The points A(1, 8) and B(9, 0) are the end-points of a diameter of the circle w, as shown in the diagram - Leaving Cert Mathematics - Question 4 - 2018

The length of the radius can be found using the distance formula between the center and one of the endpoints of the diameter.
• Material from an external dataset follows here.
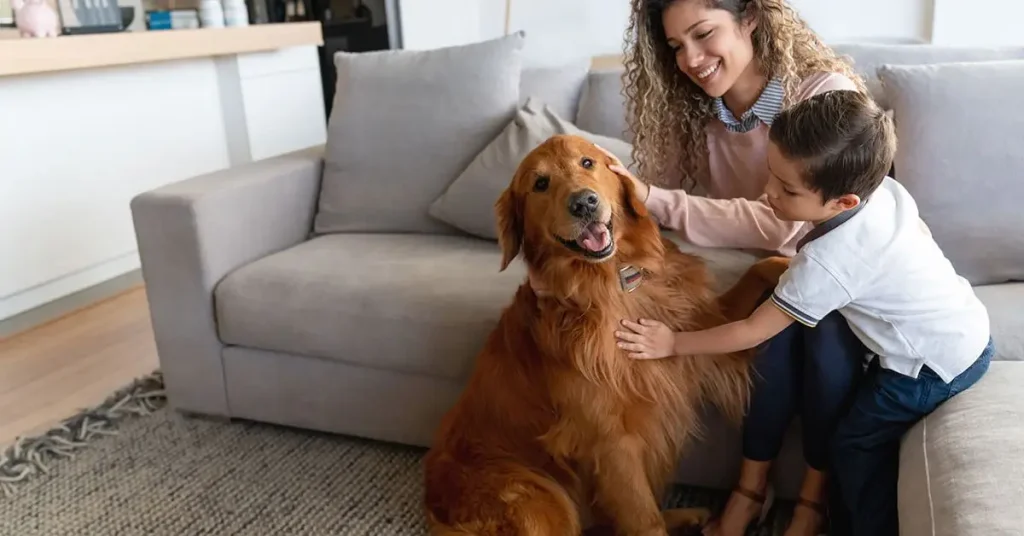 Vastu tips for a happy pet at home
Using point A(1, 8):

$$|AB| = \sqrt{(x_2 - x_1)^2 + (y_2 - y_1)^2}$$

Substituting the coordinates:

$$|AO| = \sqrt{(5 - 1)^2 + (4 - 8)^2} = \sqrt{(4)^2 + (-4)^2} = \sqrt{16 + 16} = \sqrt{32} = 4\sqrt{2}.$$

Thus, the radius is $4\sqrt{2}$.

For a circle with center (h, k) and radius r, the equation is given by:

$$(x - h)^2 + (y - k)^2 = r^2.$$

Substituting h = 5, k = 4, and r = 4\sqrt{2}:

$$(x - 5)^2 + (y - 4)^2 = (4\sqrt{2})^2 = 32.$$

Hence, the equation of the circle w is:

$$(x - 5)^2 + (y - 4)^2 = 32.$$

To find the tangent line at point A(1, 8), we first calculate the slope of the radius OA. The slope can be calculated as:

$$\text{slope} = \frac{y_2 - y_1}{x_2 - x_1} = \frac{4 - 8}{5 - 1} = \frac{-4}{4} = -1.$$

The slope of the tangent line will be the negative reciprocal of the slope of the radius:

$$\text{slope of tangent} = 1.$$

Using point-slope form of a line equation:

$$(y - y_1) = m(x - x_1),$$

Substituting m = 1 and point A(1, 8):

$$(y - 8) = 1(x - 1) \\ y - 8 = x - 1 \\ y = x + 7.$$

Rearranging to standard form:

$$-x + y - 7 = 0.$$

Thus, the equation of the tangent line is $-x + y - 7 = 0$.